2.2. The Fifth Schedule (Article 244)

  • The interests of Schedule Tribes outside the North east are protected by Fifth Schedule. It designates “Scheduled areas” in large parts of India in which the interests of the “Scheduled Tribes” are to be protected. The Scheduled area has more than 50 percent tribal population.

  • Powers of Governor under 5th Schedule- Various powers of the Governor include-

  • To make regulation for peace and good governance of any area in a state which is a Scheduled Area like prohibiting or restricting the transfer of land by or within members of the Scheduled Tribes in Scheduled areas; regulating the allotment of land to members of the Scheduled Tribes in those areas; regulating the money lending business by those who lend money to people of the Scheduled Tribes in such area.

2.3. Tribal Advisory Council

  • It will be established on the direction of the President in a State having Scheduled areas, also in any State having Scheduled Tribes but not Scheduled Areas therein.

  • Consisting of twenty members of which three-fourths must be representatives of Scheduled Tribes in the Legislative Assembly of that State.

  • The Governor may make rules for regulating into number of members of these councils, mode of their appointment, appointment of the chairman, officers and servants of these councils, conduct of its meeting and general business. has been passed by Parliament or Legislature of the State to a Scheduled Area.

  • In the process of making such regulation discussed above, the Governor may repeal or amend any Union or State law.

  • The Governor can make such regulations only after consultation with the TAC of the state.

  • Tribes Advisory council (TAC)- Under 5th schedule it shall be the duty of TAC to advice the Governor on such matters pertaining to the welfare and the advancement of the STs in the State, as may be referred to them by the Governor.

  • President and the Schedule Areas- The President possesses the power to alter the boundaries of any Schedule area after consulting with the Governor.

  • The regulations made by the Governor come into effect only when they are accepted by the President. Governor is required to submit annually the reports regarding administration of the Scheduled areas to the President.

  • Amendment of the Schedule- Parliament through a law can amend any of the provisions of this Schedule by way of addition, variation or repeal.

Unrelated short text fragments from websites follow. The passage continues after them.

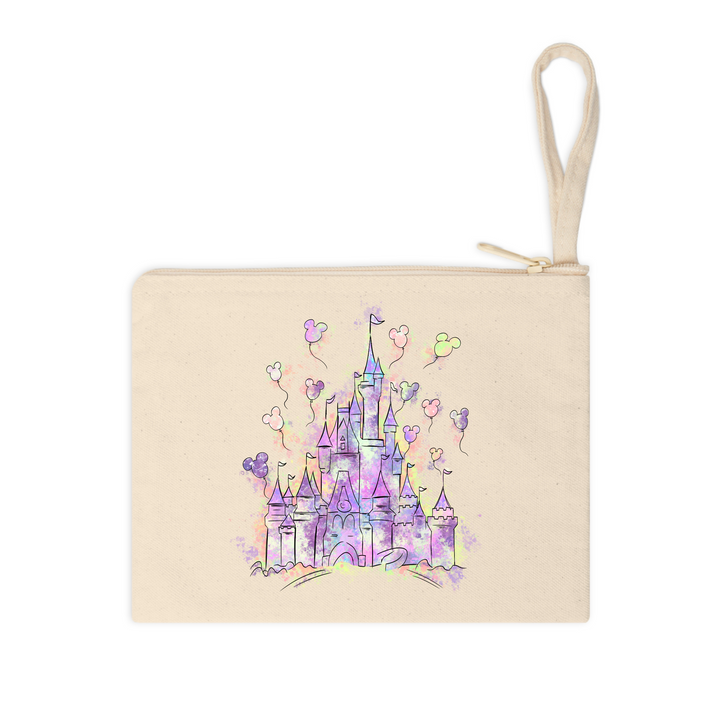 Beautiful watercolor-inspired castle design, perfect for DIY heat press projects on shirts, totes, and hoodies.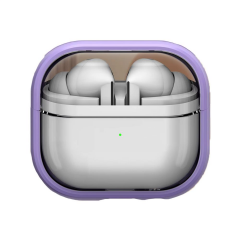 E2M AIRPODS 4 CRYSTAL STANDLI KILIF LİLA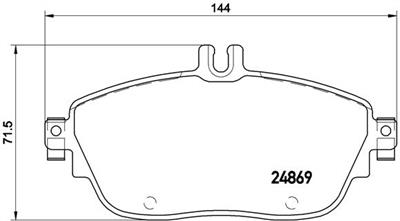 BREMBO P 50 093 Číslo výrobce: 24869. EAN: 8020584103258.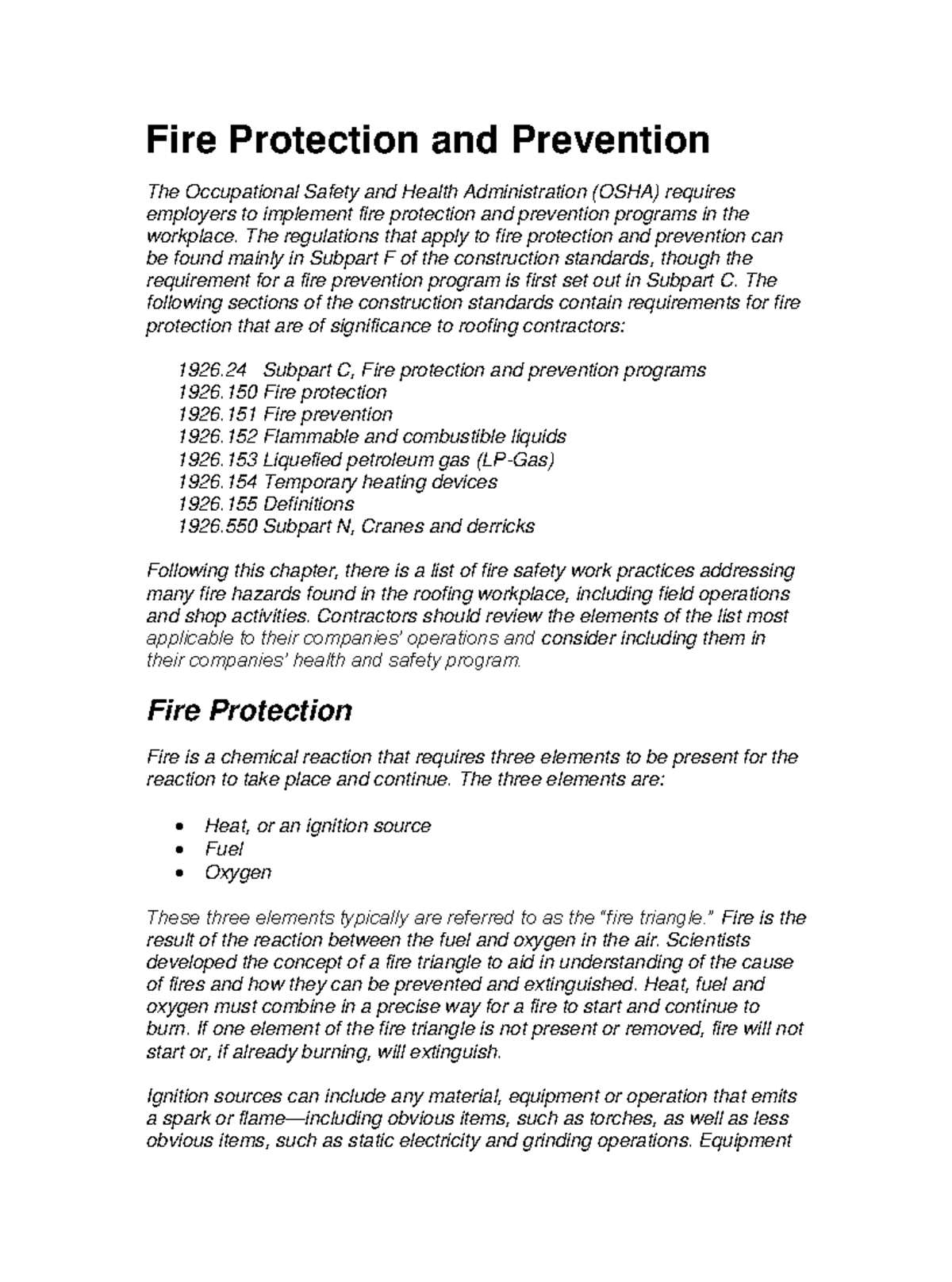 Fireprotection - bmkdmbkdm - Fire Protection and Prevention The ...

Any such law is not deemed to be an amendment under Article 368 of the Constitution.

  • The provisions of the Fifth Schedule have seen further legal and administrative reinforcement in the form of Provisions of Panchayats (Extension to Scheduled Areas) Act, 1996.

  • Other important features of the Schedule are:

  • It deals with provision for the constitution of a Tribes Advisory Council

  • It also deals with the extension of direction by the Union to a State for the administration of the Schedule Areas.

3. Scheduled Castes And The Scheduled Tribes (Prevention Of Atrocities) Act

  • It prohibits the commission of offences against members of the SCs and STs and establishes special courts for the trial of such offences and the rehabilitation of victims.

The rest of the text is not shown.